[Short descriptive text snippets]
++++++++
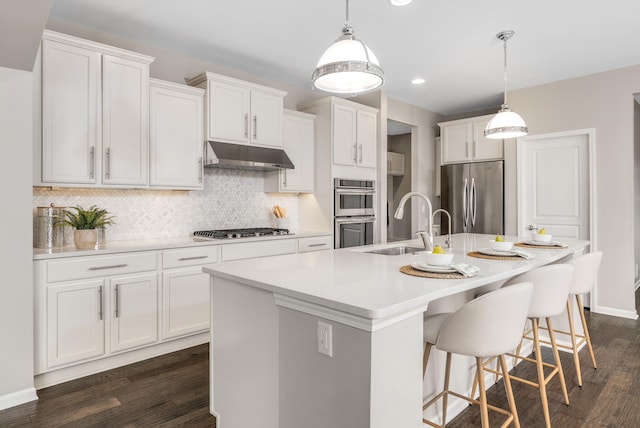 kitchen with under cabinet range hood, backsplash, dark wood finished floors, white cabinetry, and stainless steel appliances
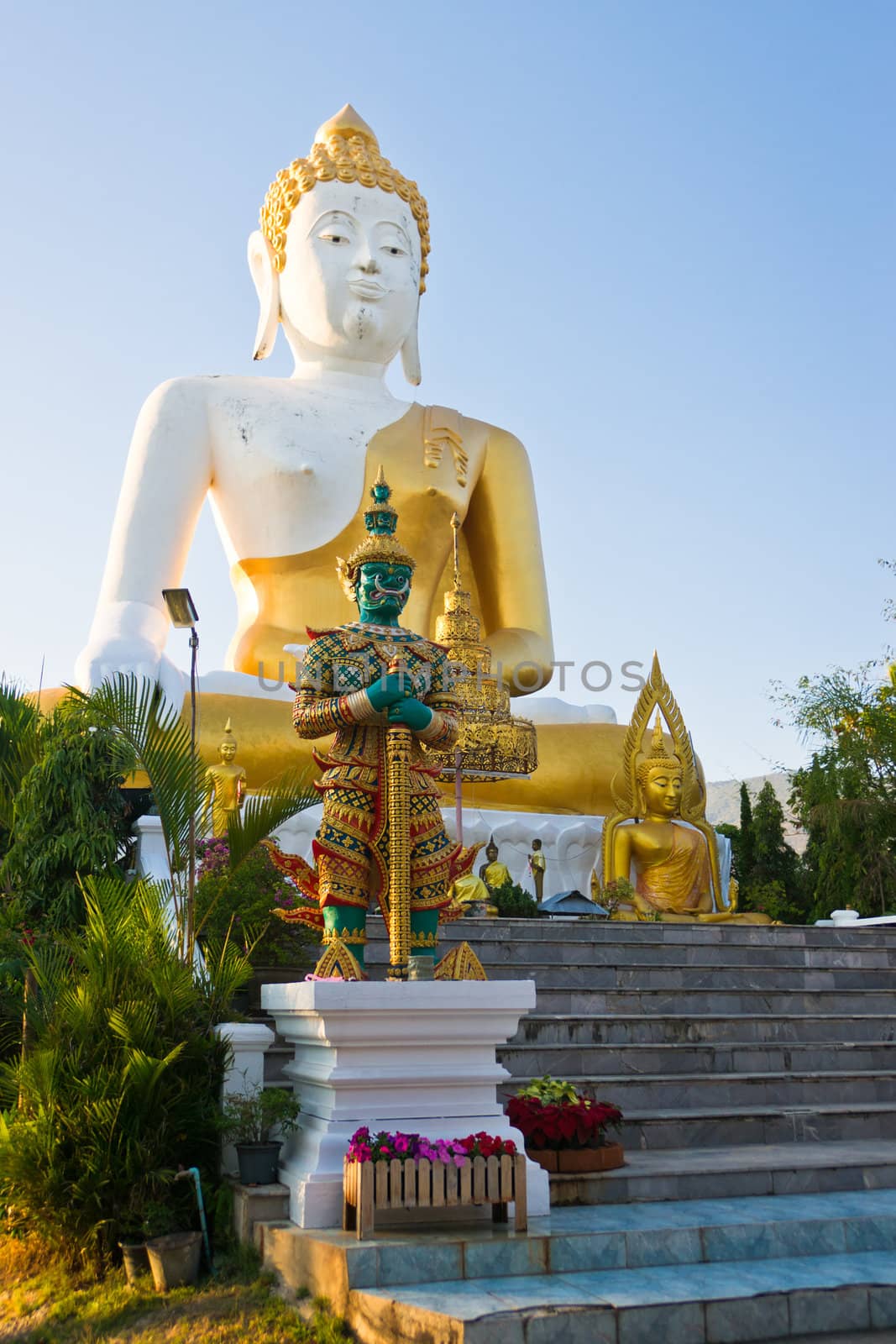 Statue of big Buddha in the temple Wat Doikam, Chiang Mai, Thailand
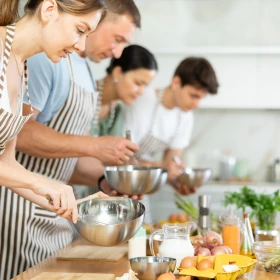 Vier Personen kochen gemeinsam und tragen weiß-braun gestreifte Kochschürzen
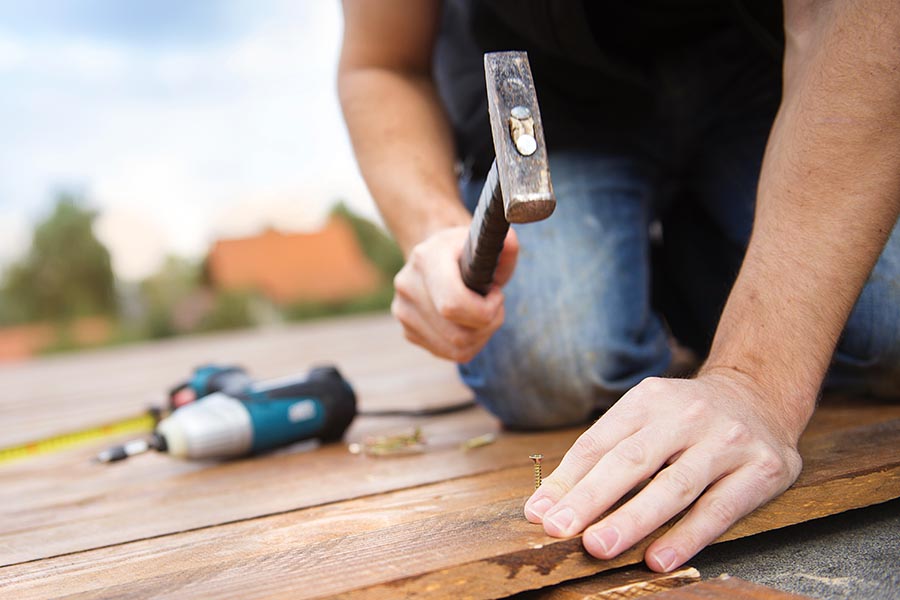 Specialized Business Insurance - Man Hammers a Nail Into Decking With a Measuring Tape and Drill Nearby
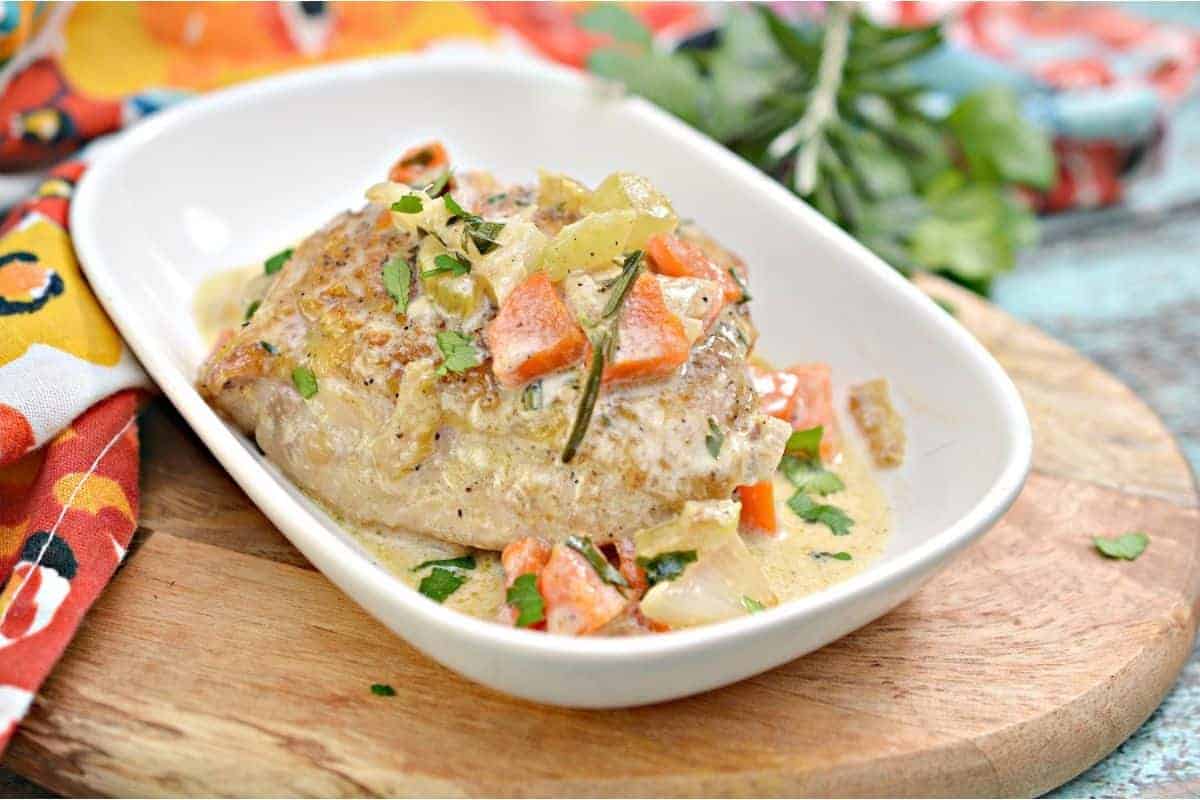 A cooked piece of meat is served on a white rectangular dish, topped with diced vegetables and a creamy sauce. This favorite recipe is placed on a wooden board, with a colorful patterned cloth partially visible in the background, making it an inviting find for any culinary enthusiast.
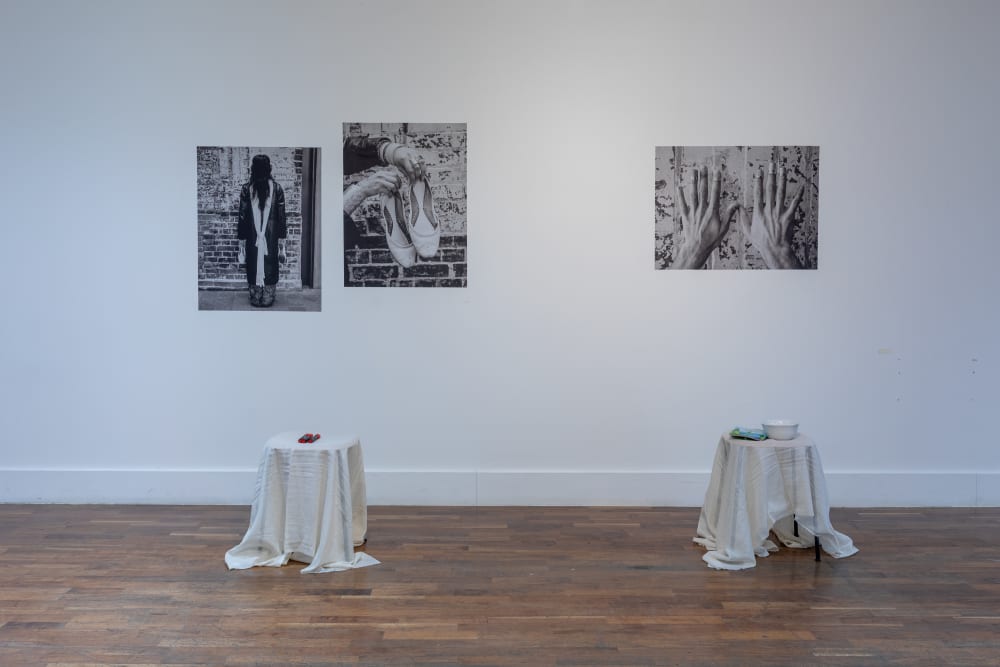 3 black and white photos hanging on a white wall, with 2 small side tables covered in white cloth placed in front. On the table there're pens and henna.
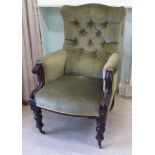 A mid 19thC mahogany showwood framed armchair, the green part button upholstered back,
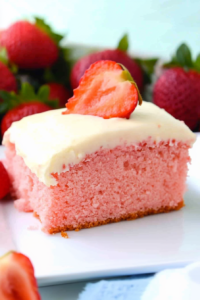 Close-up of frosted cake slice with fresh strawberries in the background.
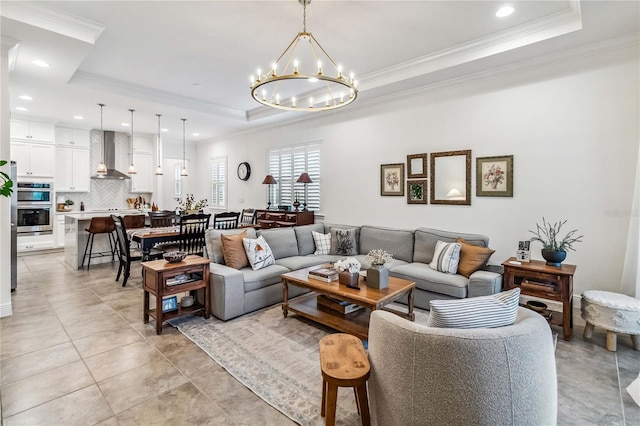 living room with light tile patterned floors, an inviting chandelier, a tray ceiling, and crown molding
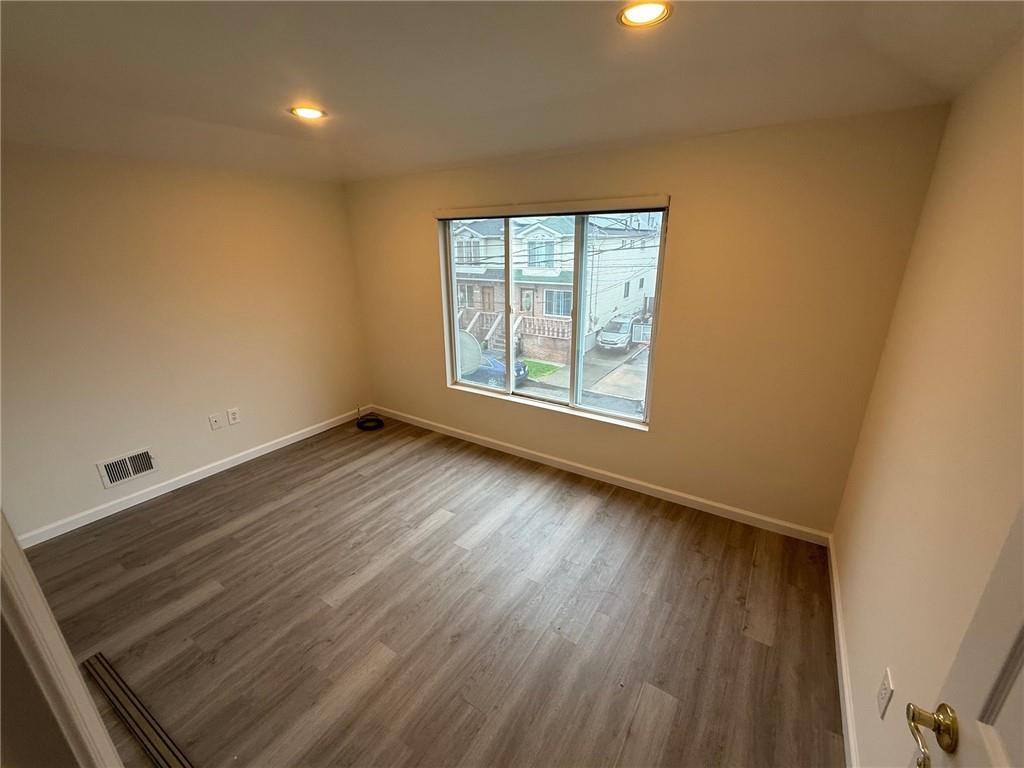 7 Georgetown Lane Brooklyn, NY 11234 - Photo 21 of 32 an empty room with wooden floor and windows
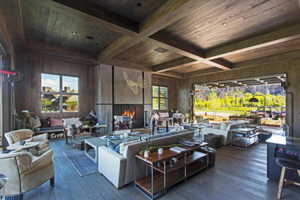 Living area featuring wood walls, wood ceiling, coffered ceiling, hardwood / wood-style flooring, and beam ceiling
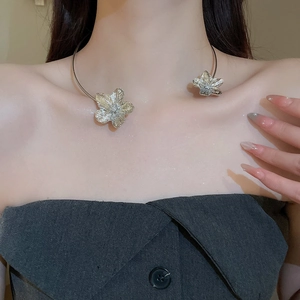 Detail of silver metallic floral choker necklace on a model showing refined design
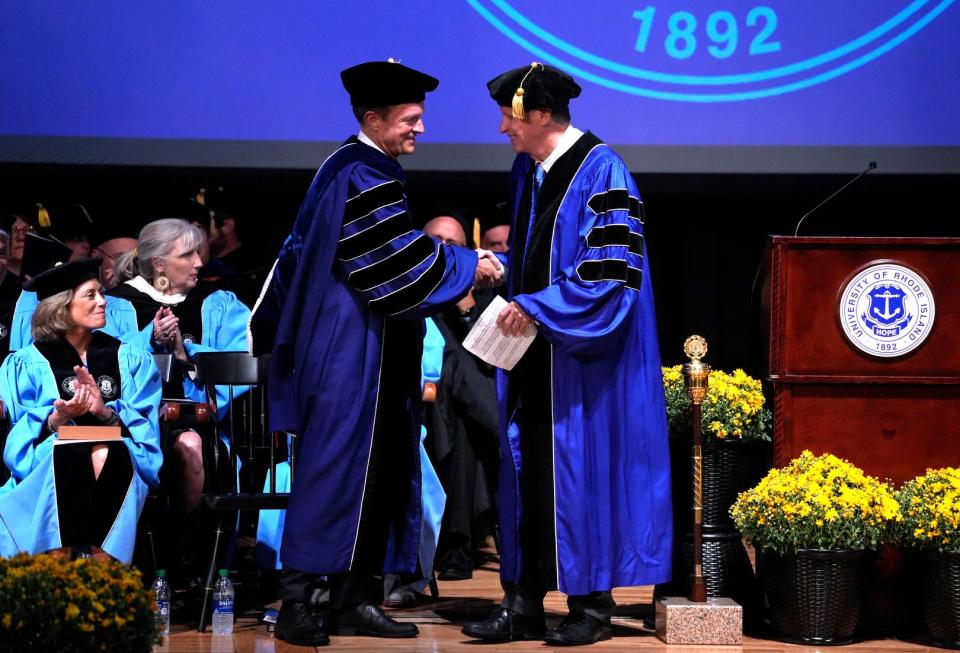 URI President Marc Parlange, left, is congratulated by Gov. Dan McKee during Parlange's inauguration at the Kingston campus on Thursday.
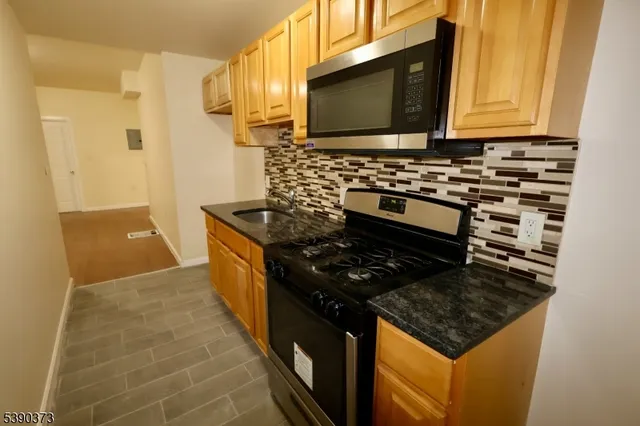 a kitchen with stainless steel appliances a stove a microwave sink and cabinets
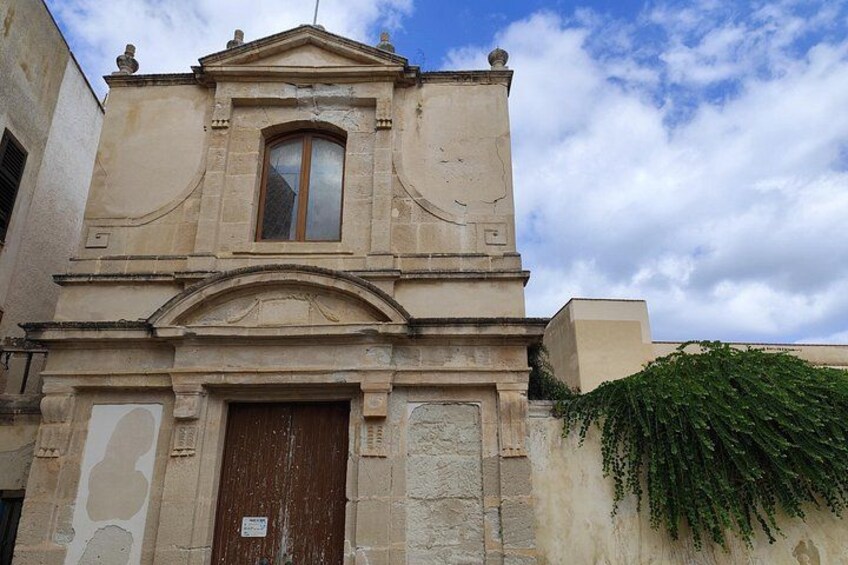 A historic building with a central arched doorway, a window above it, and a small bell tower. 3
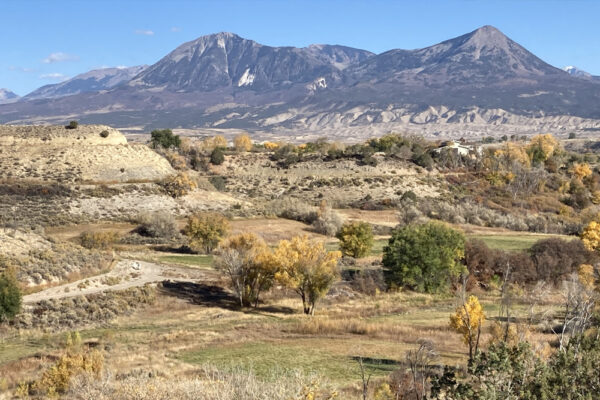 Landscape view of a valley with scattered trees in autumn colors, a path winding through the terrain, and imposing mountains in the background under a clear sky.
++++++++
Although the records above contain pictures, the copy must not; set down exactly the lines from the one with "Specialized Business Insurance" up to and including the one with "7 Georgetown Lane".

== Answer to the exercise ==
 Specialized Business Insurance - Man Hammers a Nail Into Decking With a Measuring Tape and Drill Nearby
 A cooked piece of meat is served on a white rectangular dish, topped with diced vegetables and a creamy sauce. This favorite recipe is placed on a wooden board, with a colorful patterned cloth partially visible in the background, making it an inviting find for any culinary enthusiast.
 3 black and white photos hanging on a white wall, with 2 small side tables covered in white cloth placed in front. On the table there're pens and henna.
 A mid 19thC mahogany showwood framed armchair, the green part button upholstered back,
 Close-up of frosted cake slice with fresh strawberries in the background.
 living room with light tile patterned floors, an inviting chandelier, a tray ceiling, and crown molding
 7 Georgetown Lane Brooklyn, NY 11234 - Photo 21 of 32 an empty room with wooden floor and windows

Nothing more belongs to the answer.